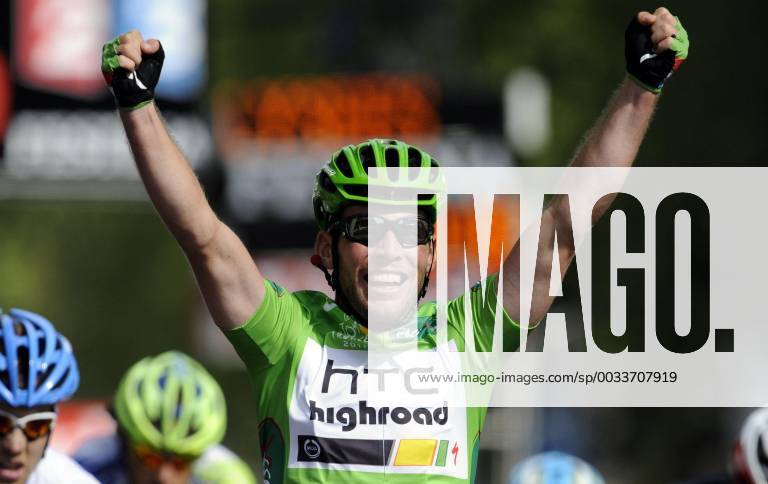 - PARIS, FRANCE: Holder of the green jersey of leader in the sprint ranking British Mark Cavendish of Team HTC - High Road celebrates as he crosses the finish line after the twenty first and final stage of the Tour de France cycling race, from Creteil to Paris (95km), in France, Sunday 24 July 2011. The 98th Tour de France ends on the Champs-Elysees in Paris today. ERICxLALMAND x28358907x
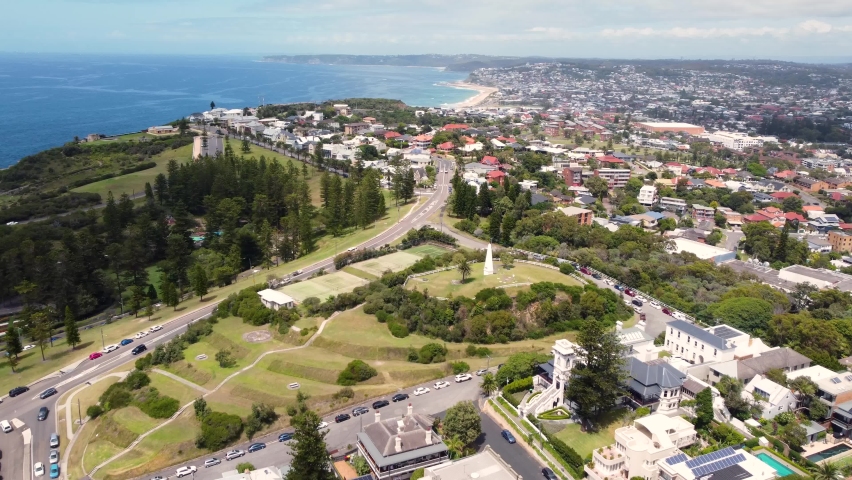 Aerial Drone view of Bar Beach Merewether rural houses roads Cooks Hill Park Newcastle tourism Pacific Ocean NSW Australia 4K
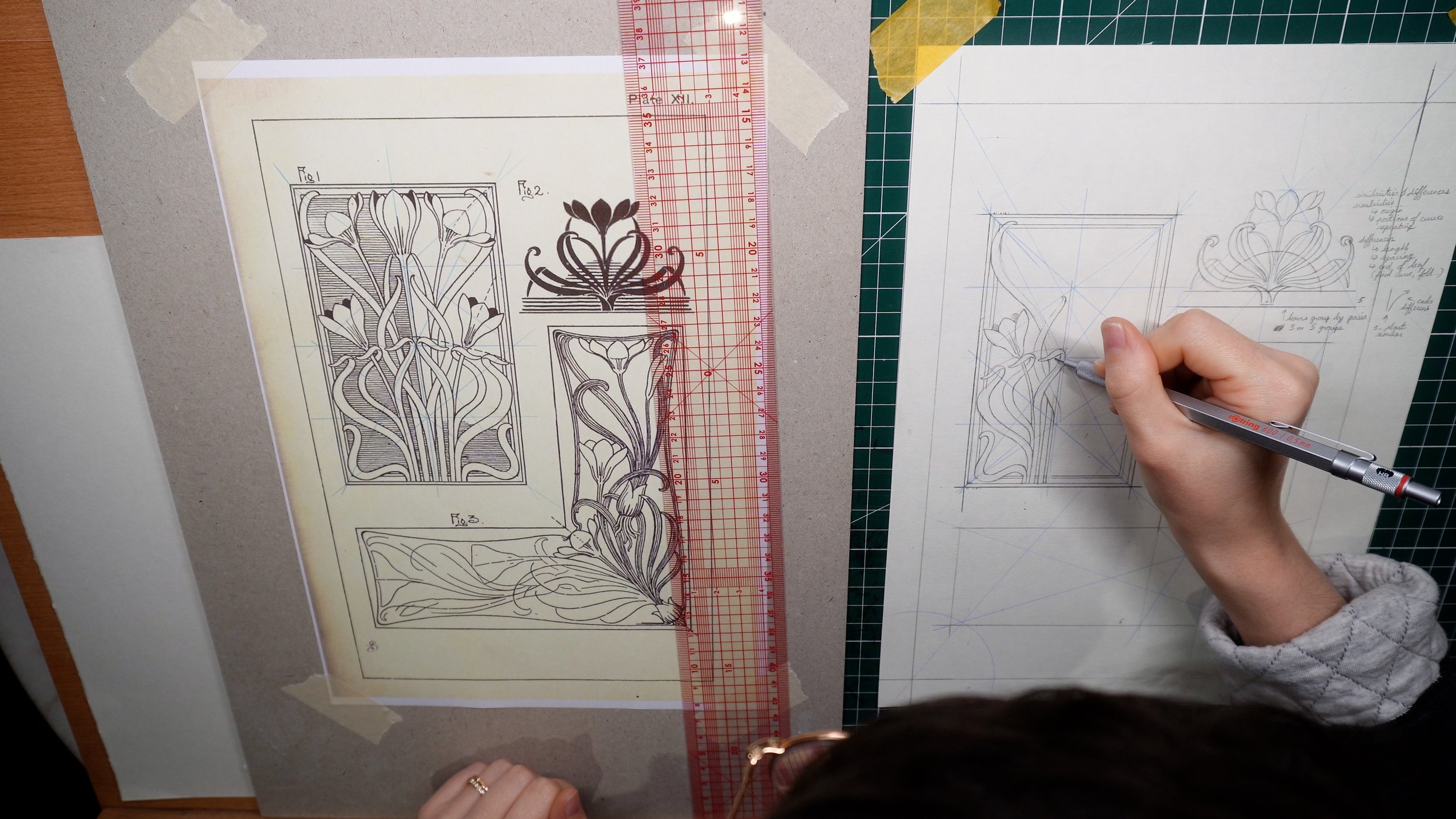Nature Drawing and Design Plate XII - 3/5 - Drawing the Left Ornament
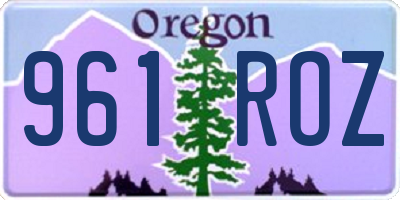 OR license plate 961ROZ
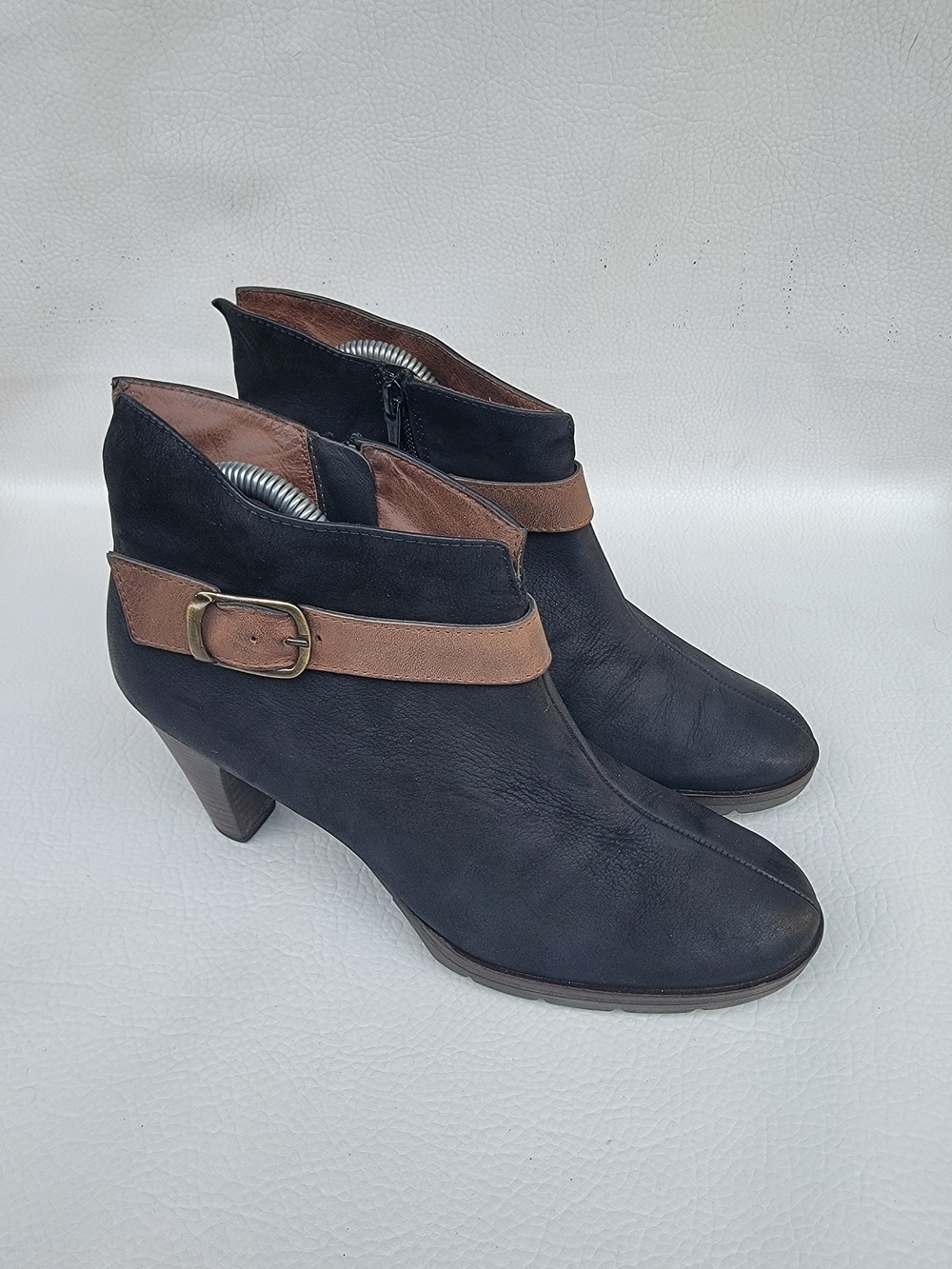 Paul Green Black Ankle Booties with Brown Strap and Buckle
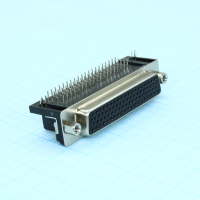 DS1038-78FBNSIA74-0CC Разъем D-Sub высокой плотности, розетка 78 контактов угловая на плату, черный изолятор CONNFLY pe391154 фото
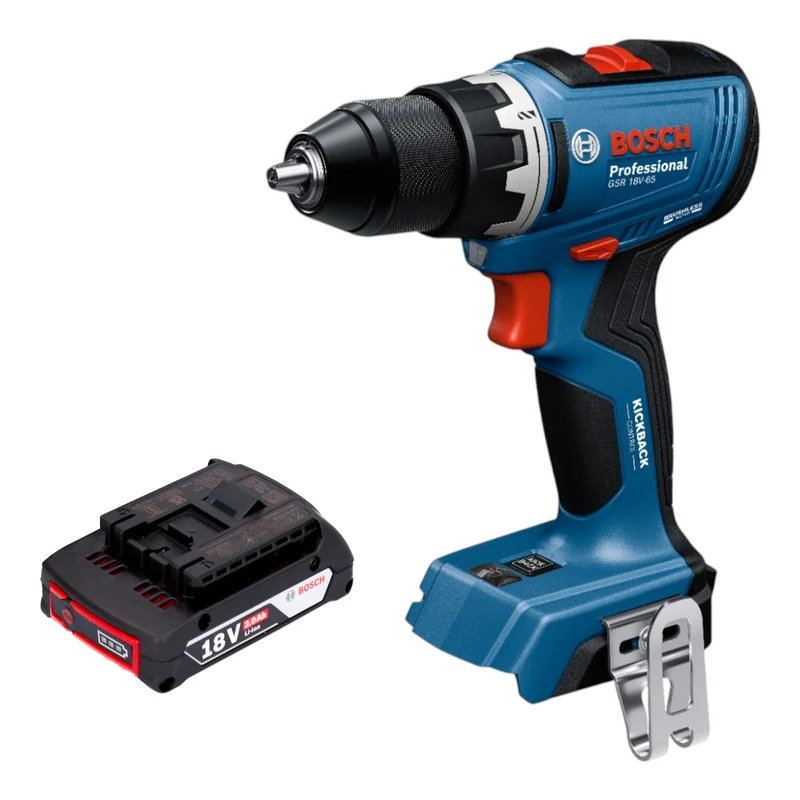 Bosch GSR 18V-65 Professional Akku Bohrschrauber 18 V 63 Nm Brushless + 1x Akku 2,0 Ah - ohne Ladegerät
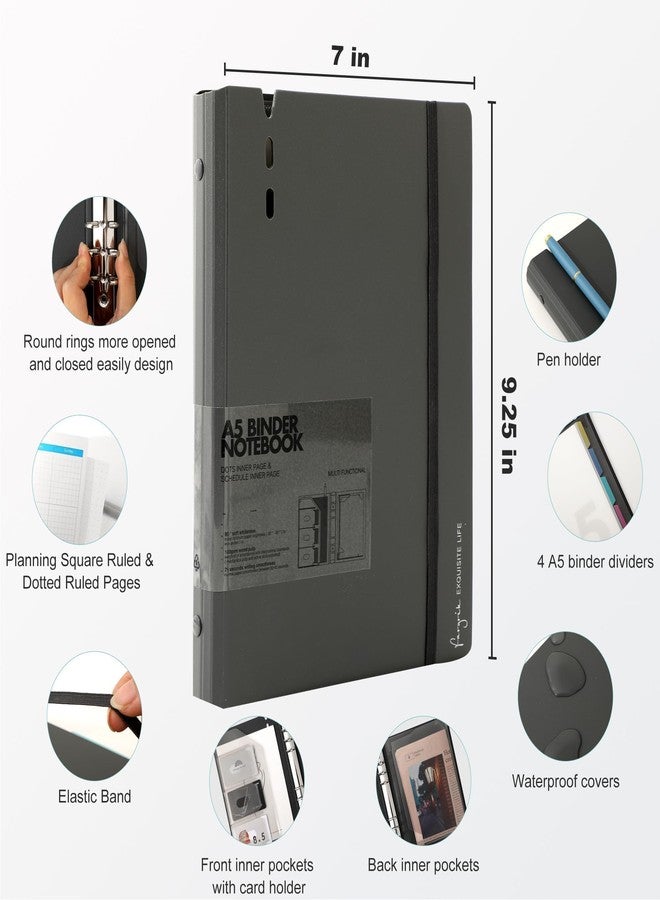 CAGIE A5 Binder 6 Ring Notebook with Dividers Refillable Planner Binder with Pockets, Refill Paper Include Planning Square Ruled and Dotted Pages, 7 x 9.25 in, (Grey and Grey, A7 & A5 Dot Page) - Image 5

- - - - -

[Problem requirements]
The answer must be the entries above, printed exactly, with no pictures.

[Completed exercise]
 - PARIS, FRANCE: Holder of the green jersey of leader in the sprint ranking British Mark Cavendish of Team HTC - High Road celebrates as he crosses the finish line after the twenty first and final stage of the Tour de France cycling race, from Creteil to Paris (95km), in France, Sunday 24 July 2011. The 98th Tour de France ends on the Champs-Elysees in Paris today. ERICxLALMAND x28358907x
 Aerial Drone view of Bar Beach Merewether rural houses roads Cooks Hill Park Newcastle tourism Pacific Ocean NSW Australia 4K
Nature Drawing and Design Plate XII - 3/5 - Drawing the Left Ornament
 OR license plate 961ROZ
 Paul Green Black Ankle Booties with Brown Strap and Buckle
 DS1038-78FBNSIA74-0CC Разъем D-Sub высокой плотности, розетка 78 контактов угловая на плату, черный изолятор CONNFLY pe391154 фото
 Bosch GSR 18V-65 Professional Akku Bohrschrauber 18 V 63 Nm Brushless + 1x Akku 2,0 Ah - ohne Ladegerät
 CAGIE A5 Binder 6 Ring Notebook with Dividers Refillable Planner Binder with Pockets, Refill Paper Include Planning Square Ruled and Dotted Pages, 7 x 9.25 in, (Grey and Grey, A7 & A5 Dot Page) - Image 5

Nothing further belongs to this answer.